Exercise input:
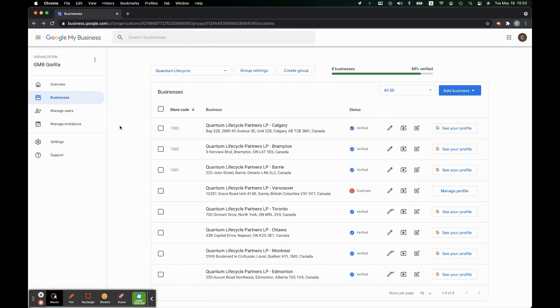That's it for today. That's what a store code is in Google My Business, and I will see you next time.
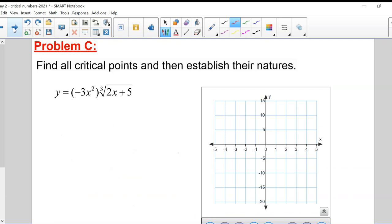Let's move on. I want us to get back to the University of Waterloo website material, but let's continue with this next example. This one is the cube root of (2x + 5) multiplied by (-3x²), and it's a product, so we need to use the product rule.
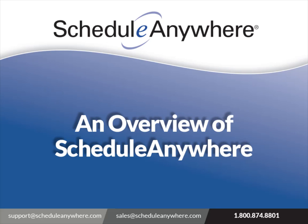Welcome to ScheduleAnywhere. This video will provide a high-level overview of the basic functionality of ScheduleAnywhere.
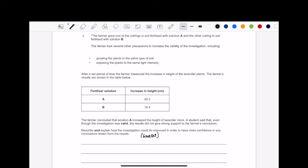Hello there, today we've got a six marker on this practical sort of question. What I want you guys to know is that whether you know how to do this, whether you need help with understanding how to make an experiment more valid, or just how to answer practical six marker questions, this video is for you. So pause the video, give it your best shot, and continue on to see how I answer it.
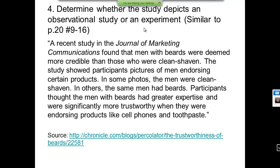Fourth example: a recent study in the journal of marketing communications found that men with beards were deemed more credible than those who were clean-shaven. The study showed participants pictures of men endorsing certain products — some clean-shaven, others with beards. Participants thought the men with beards had greater expertise and were significantly more trustworthy when endorsing products like cell phones and toothpaste. Nowhere do they refer to giving them a treatment — they're just showing pictures and studying them. That's an observational study.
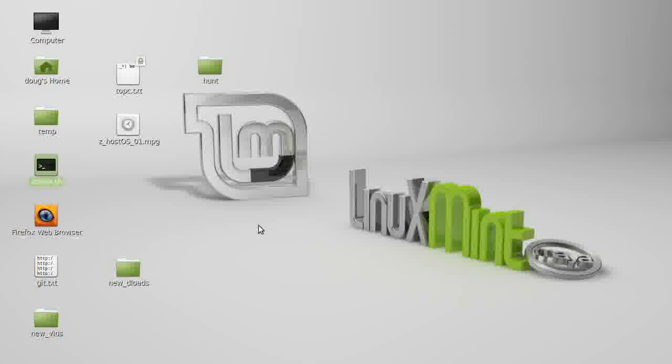Alright, what's going on people? Back with the LFS 7.5 install.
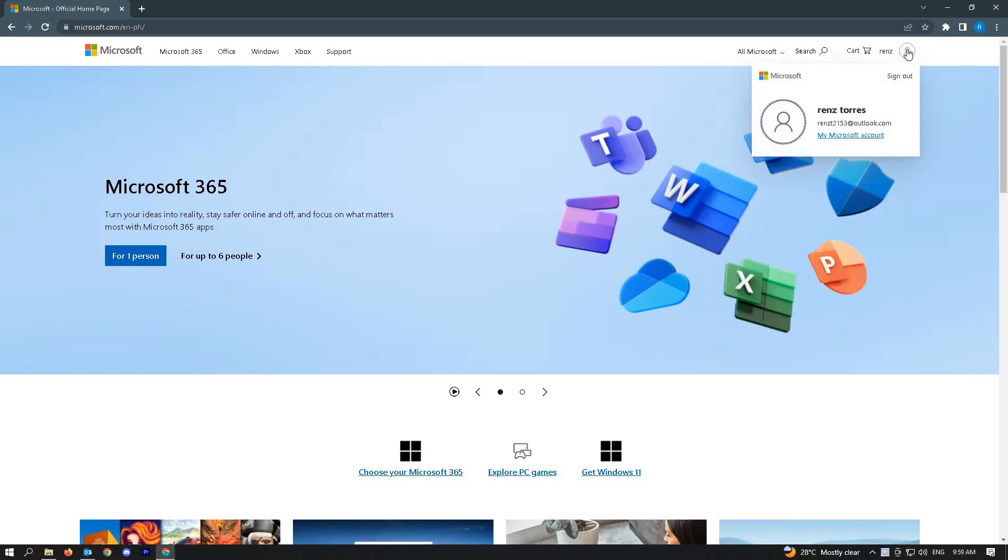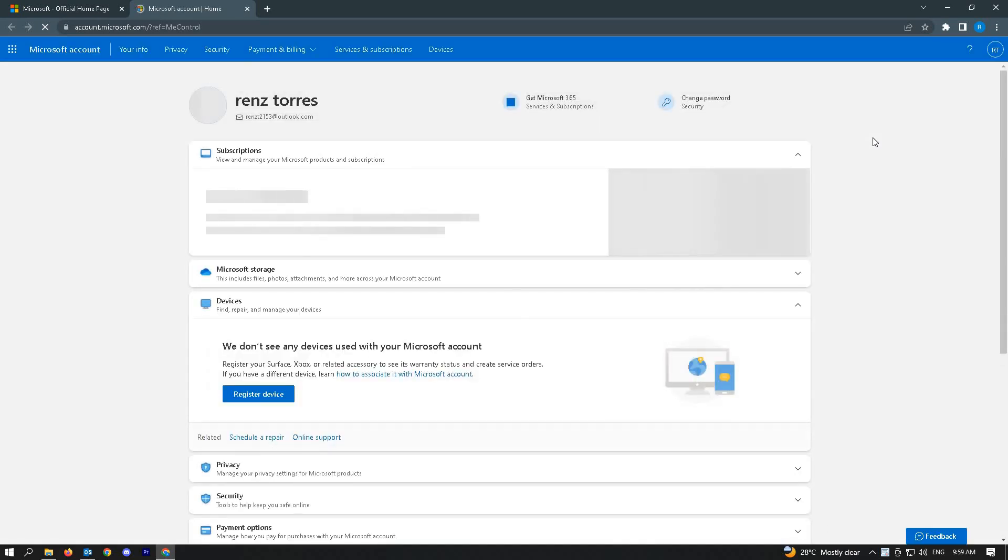So once you've logged in, go ahead and press the Microsoft account link here and a new window will appear.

Problem details: Please set down the records exactly, and keep every image out of the copy.

Result of this exercise:
That's it for today. That's what a store code is in Google My Business, and I will see you next time.
Let's move on. I want us to get back to the University of Waterloo website material, but let's continue with this next example. This one is the cube root of (2x + 5) multiplied by (-3x²), and it's a product, so we need to use the product rule.
Welcome to ScheduleAnywhere. This video will provide a high-level overview of the basic functionality of ScheduleAnywhere.
Hello there, today we've got a six marker on this practical sort of question. What I want you guys to know is that whether you know how to do this, whether you need help with understanding how to make an experiment more valid, or just how to answer practical six marker questions, this video is for you. So pause the video, give it your best shot, and continue on to see how I answer it.
Fourth example: a recent study in the journal of marketing communications found that men with beards were deemed more credible than those who were clean-shaven. The study showed participants pictures of men endorsing certain products — some clean-shaven, others with beards. Participants thought the men with beards had greater expertise and were significantly more trustworthy when endorsing products like cell phones and toothpaste. Nowhere do they refer to giving them a treatment — they're just showing pictures and studying them. That's an observational study.
Alright, what's going on people? Back with the LFS 7.5 install.
So once you've logged in, go ahead and press the Microsoft account link here and a new window will appear.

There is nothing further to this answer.